東京都の不動産市場はオフィスビル・マンションともに、空室率が低下し賃料の上昇傾向が続いています。大型の新規オフィスビル供給による移転需要や、東京23区における世帯数の増加が住宅需要を押し上げ堅調な業況です。
しかしながら金利上昇や建設コストの上昇など、マイナス面の影響も考えられ楽観視はできません。この記事では東京都の不動産市場の現状と今後の動向について解説します。

目次

  1. 東京都のオフィス市場動向
    1. オフィスビル|売買市場の動き
    2. オフィスビル|賃貸市場の動き
    3. 注目を集めるエリア
  2. 東京都のマンション市場動向
    1. マンション|売買市場の動き
    2. マンション|賃貸市場の動き
    3. 注目を集めるエリア
  3. オフィスとマンションの変動要因(見通し)
    1. 金利の上昇
    2. 建設コスト上昇
    3. オフィスは二極化がすすむ
    4. マンションは堅調が続き多様化も
  4. 東京都の不動産市場は堅調だが変動要素も
東京都のオフィス市場動向

東京都心部における再開発事業により、大型オフィスの新規供給が続くオフィス市場は、景気回復の期待感もあり堅調と言える状況です。ここでは最近のオフィス市場における売買および賃貸動向について詳しくみていきます。

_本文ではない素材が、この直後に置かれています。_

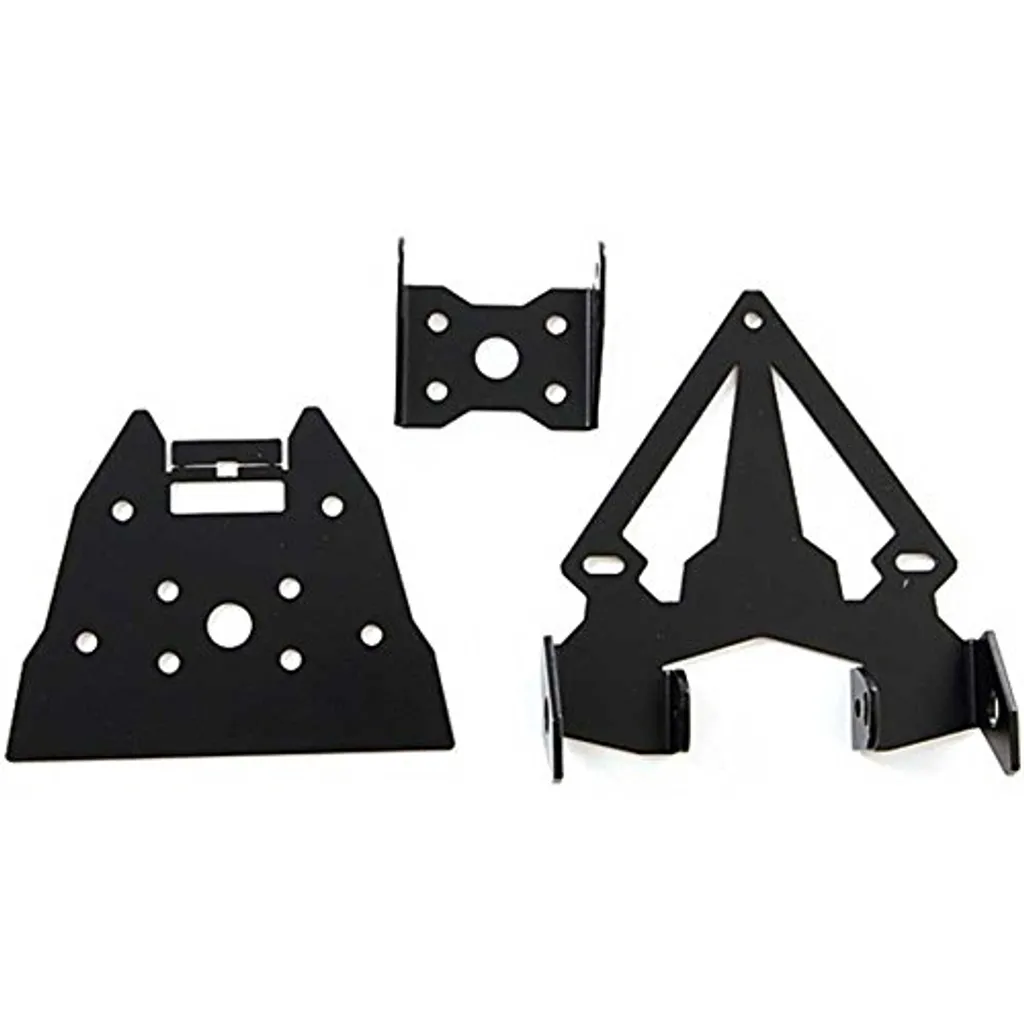 Support de plaque TRW MSH110 Noir : fini les supports qui vibrent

2024年の都心5区(港、千代田、中央、渋谷、新宿区)は、オフィスビルの売買取引量が回復しました。規模別にみていくと床面積1,000坪超の大規模ビルは、2023年は四半期ごとに売買件数が低下しており、第4四半期はわずか1件の取引でしたが、2024年には大規模ビルの取引が目立つようになりました。

一方、中小ビルは都心5区において2023年から堅調な取引状況が継続し、2024年も引き続き堅調な状態を維持しています。背景には、都心5区の空室率が低い水準で推移していることがあげられますが、リフォーム工事によるバリューアップを目的にした、築30年前後の築古ビルの購入も増加しています。

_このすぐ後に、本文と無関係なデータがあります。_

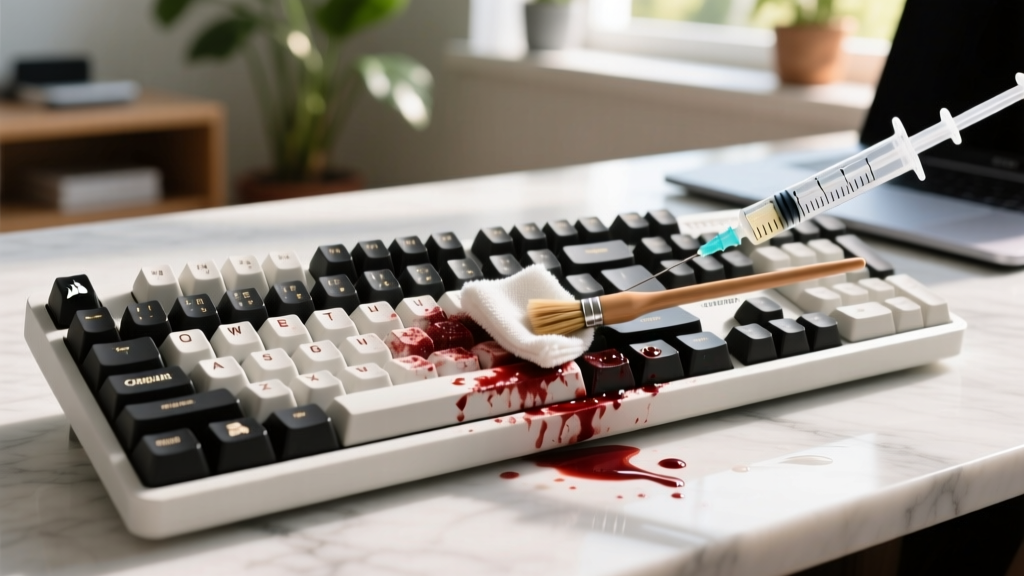 Tested: How to Get Blood Out of Keyboard Fast (2026)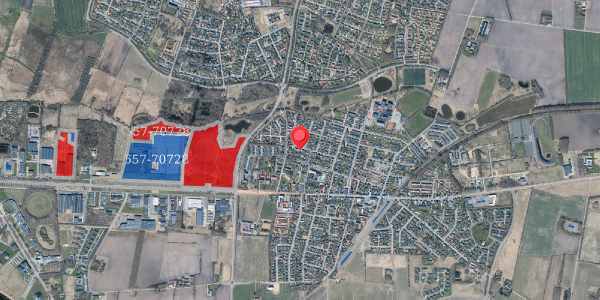 Jordforureningskort på Villavej 21, 7400 Herning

都心5区における取引金額の大きなビル取引に目を向けると、2024年10月には上場企業の国内不動産売買取引額が、4か月連続で前年同期比を上回っており、オフィスビル3棟で900億円を超える高額な売買取引もありました。

また国内外の投資家はオフィス回帰が顕著な日本および韓国に注目しており、東京では上場REITや私募REITによる優良ビルの取得が続いています。

東京ビジネス地区(都心5区)では大規模な再開発事業によるオフィス供給が続いており、新しいニーズに対応したオフィス空間が評価され入居状況は堅調です。

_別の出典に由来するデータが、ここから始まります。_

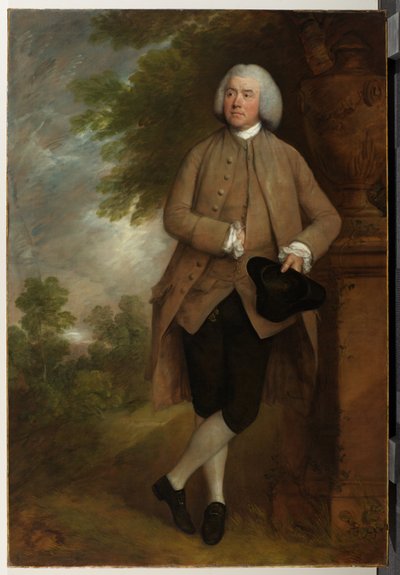 Porträt von Charles Tudway, MP von Thomas Gainsborough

下図に示すように、2024年10月の空室率は4.48%と前年同期比1.62%のマイナスとなっており、とくに6月以降に空室率の低下が進んでいます。既存ビルの大型成約や新築ビルの成約が続いたことが要因です。

東京オフィス平均空室率推移

出典:三鬼商事「オフィスマーケット」より作成

空室率の低下とともに賃料は前年同月比で上昇しています。背景として、経済活動の正常化によるオフィス需要の回復があり、比較的機能性の高い築浅ビルの成約や、賃料水準の低い既存ビルでの大型成約もみられます。またIT技術やAI技術の浸透により増加したスタートアップ企業が、東京に集まっていることも大きな要因と言えるでしょう。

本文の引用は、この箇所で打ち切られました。